Description
Goodbye Kate, Billy C. Clark’s sixth novel, is based in part on a mule he once owned. In the novel, Kate is found far back in the hills by a lonely country boy named Isaac Warfield. He lives close enough to Tatesburg, the nearest town, to walk to school there, but it’s a small town, and his home is isolated. Isaac has graduated from the little country school he has attended and the other members of his class will be moving on to another school, or to no school at all. He won’t have much contact with his friends anymore, and the nearest neighbor, a money-hungry man named Simm Johns, has no children and is “mean as a striped snake.” Isaac finds Kate when he goes back into the hills to pick some blackberries for his mother. The little mule is apparently as lonely as Isaac is, and she adopts him and follows him home – as far as the pine grove above the house, that is.
Kate gets Isaac into trouble by following him to school and disrupting the teacher’s history lessons. But Isaac fins a new friend, Elwood Sperry, and they devise a scheme to make some money by renting out Kate for rides during lunch hour. Unfortunately, their plans are exposed when Kate follows Isaac into the school building, and the principal marches the boys into his office and makes them tell him all about their little business enterprise.
Kate really gets Isaac into trouble when she follows his new route to school directly through town and starts trampling flower beds and getting into gardens. But the big trouble comes when Kate gets caught eating feed at John Naper’s feed store. Naper has Kate arrested, and the two-man police force puts the little mule in jail.
What happens next is sheer comedy, but with a very serious side to it. If no one stands up for Kate, she will have to go to the tannery, where she will be killed for her hide. Isaac and Elwood hatch up a scheme to free Kate, but they have to use both the legal system and public opinion to do it. You will enjoy reading about how Elwood and Isaac awaken the town’s conscience and create sympathy for the little mule, and you will be interested in how Kate finally proves herself to everyone, including the skinflint Simm Johns.

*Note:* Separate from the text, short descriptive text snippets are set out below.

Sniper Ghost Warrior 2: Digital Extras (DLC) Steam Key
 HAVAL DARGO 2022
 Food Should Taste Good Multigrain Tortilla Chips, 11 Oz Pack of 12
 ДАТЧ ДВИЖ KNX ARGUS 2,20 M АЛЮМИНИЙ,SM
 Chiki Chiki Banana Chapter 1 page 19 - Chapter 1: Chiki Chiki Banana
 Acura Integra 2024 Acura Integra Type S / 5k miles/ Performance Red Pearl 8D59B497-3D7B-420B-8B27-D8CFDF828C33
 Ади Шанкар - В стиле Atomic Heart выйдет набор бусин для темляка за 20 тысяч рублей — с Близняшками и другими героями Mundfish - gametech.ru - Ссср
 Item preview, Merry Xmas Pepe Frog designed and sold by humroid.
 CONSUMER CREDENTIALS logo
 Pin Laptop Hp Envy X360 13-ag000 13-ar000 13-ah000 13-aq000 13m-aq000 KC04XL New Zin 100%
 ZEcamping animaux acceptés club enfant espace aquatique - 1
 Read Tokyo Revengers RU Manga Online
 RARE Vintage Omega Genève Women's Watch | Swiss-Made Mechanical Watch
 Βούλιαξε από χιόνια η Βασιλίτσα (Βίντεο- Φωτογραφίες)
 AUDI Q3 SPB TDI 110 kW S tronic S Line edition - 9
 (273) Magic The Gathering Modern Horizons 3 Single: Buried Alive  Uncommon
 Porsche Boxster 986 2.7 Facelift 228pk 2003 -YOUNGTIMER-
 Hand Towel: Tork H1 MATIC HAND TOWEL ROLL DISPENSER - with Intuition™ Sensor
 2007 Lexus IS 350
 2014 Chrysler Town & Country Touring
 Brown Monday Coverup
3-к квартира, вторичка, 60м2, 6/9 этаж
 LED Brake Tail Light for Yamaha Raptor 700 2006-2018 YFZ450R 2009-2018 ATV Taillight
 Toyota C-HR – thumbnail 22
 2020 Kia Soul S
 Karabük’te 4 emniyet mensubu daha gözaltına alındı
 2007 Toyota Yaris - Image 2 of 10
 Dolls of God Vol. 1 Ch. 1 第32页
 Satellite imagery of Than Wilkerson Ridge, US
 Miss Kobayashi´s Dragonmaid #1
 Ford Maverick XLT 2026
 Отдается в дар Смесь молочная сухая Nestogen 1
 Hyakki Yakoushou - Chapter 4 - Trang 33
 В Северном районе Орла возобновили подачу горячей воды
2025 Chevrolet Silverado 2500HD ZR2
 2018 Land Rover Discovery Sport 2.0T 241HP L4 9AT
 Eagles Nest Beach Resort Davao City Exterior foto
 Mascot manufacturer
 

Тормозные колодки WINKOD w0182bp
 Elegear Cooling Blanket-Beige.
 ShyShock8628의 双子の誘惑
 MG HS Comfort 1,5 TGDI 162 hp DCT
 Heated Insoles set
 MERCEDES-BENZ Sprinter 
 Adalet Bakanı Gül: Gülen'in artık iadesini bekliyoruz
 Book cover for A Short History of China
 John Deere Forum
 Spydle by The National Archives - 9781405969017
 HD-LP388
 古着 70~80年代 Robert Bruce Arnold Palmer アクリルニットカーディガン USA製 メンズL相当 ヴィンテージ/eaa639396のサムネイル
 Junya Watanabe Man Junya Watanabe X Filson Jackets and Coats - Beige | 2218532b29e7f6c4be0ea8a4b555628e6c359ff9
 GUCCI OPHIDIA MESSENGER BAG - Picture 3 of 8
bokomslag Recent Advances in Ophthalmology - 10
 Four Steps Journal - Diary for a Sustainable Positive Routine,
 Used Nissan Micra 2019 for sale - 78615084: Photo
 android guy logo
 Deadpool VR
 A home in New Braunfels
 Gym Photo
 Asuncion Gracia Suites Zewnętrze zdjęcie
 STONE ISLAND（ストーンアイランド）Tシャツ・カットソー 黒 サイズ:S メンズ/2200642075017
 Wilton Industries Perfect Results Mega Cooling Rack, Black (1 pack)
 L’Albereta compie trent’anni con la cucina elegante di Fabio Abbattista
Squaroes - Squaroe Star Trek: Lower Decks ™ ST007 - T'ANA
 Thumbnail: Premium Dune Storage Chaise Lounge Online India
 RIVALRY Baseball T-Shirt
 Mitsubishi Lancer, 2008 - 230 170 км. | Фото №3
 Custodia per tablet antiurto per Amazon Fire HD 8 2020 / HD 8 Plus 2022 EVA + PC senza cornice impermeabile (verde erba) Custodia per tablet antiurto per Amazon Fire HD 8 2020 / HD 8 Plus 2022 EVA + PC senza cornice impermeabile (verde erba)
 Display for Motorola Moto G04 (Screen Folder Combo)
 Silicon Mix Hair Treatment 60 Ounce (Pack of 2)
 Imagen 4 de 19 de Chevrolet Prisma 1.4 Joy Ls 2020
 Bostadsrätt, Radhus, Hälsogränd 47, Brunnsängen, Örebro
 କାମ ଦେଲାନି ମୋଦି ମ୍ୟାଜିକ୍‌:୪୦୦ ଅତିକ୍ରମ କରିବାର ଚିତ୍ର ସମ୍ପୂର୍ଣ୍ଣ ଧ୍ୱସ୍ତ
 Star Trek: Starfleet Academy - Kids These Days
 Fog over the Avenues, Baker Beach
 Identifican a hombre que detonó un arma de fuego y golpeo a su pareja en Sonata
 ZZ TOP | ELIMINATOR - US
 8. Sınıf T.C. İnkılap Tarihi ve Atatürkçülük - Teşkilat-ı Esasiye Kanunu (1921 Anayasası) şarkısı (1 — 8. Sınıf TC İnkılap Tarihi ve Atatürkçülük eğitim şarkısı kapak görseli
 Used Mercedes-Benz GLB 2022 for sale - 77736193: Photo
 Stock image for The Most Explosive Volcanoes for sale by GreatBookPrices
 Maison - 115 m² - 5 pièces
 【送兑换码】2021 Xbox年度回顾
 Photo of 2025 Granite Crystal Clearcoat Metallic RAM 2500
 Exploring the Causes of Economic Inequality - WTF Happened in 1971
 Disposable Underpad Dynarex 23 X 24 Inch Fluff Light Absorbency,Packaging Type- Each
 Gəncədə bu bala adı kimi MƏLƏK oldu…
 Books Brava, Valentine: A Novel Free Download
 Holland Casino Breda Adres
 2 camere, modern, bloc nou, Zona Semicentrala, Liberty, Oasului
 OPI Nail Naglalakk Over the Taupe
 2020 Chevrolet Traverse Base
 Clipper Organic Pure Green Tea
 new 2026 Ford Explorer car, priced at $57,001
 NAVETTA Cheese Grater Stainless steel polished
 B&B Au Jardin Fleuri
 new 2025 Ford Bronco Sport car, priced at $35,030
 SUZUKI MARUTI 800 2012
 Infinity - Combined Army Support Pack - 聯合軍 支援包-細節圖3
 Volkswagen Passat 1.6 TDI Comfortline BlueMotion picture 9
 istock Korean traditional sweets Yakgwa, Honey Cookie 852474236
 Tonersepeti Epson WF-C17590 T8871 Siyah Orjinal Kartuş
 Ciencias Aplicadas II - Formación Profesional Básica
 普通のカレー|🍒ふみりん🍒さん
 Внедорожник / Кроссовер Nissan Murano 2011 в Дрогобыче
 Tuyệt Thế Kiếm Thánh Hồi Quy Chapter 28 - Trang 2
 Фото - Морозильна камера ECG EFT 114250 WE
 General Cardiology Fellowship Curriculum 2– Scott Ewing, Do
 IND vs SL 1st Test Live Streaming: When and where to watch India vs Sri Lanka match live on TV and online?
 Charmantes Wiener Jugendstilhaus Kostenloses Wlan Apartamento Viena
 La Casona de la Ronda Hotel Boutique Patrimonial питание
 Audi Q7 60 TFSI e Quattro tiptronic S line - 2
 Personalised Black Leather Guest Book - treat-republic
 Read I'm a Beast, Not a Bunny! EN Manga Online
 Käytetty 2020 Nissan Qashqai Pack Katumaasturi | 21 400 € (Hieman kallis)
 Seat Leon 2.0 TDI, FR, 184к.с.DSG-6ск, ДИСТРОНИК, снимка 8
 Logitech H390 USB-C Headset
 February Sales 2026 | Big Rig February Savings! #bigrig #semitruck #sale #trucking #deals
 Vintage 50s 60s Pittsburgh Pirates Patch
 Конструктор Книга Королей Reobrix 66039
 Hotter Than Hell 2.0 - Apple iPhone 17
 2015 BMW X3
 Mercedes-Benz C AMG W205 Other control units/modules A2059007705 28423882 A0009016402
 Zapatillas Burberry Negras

Goodbye Kate is recommended for reading in grades 5-9, but adults will enjoy it, too. Billy C. Clark’s wonderful novel is enhanced by excellent illustrations by Harold Eldridge. This book was edited for republication by Dr. Jerry A. Herndon, an English Professor at Murray State University. Dr. Herndon is a widely published scholar, a skilled editor and archivist, and a member of The Board of Directors of the Jesse Stuart Foundation.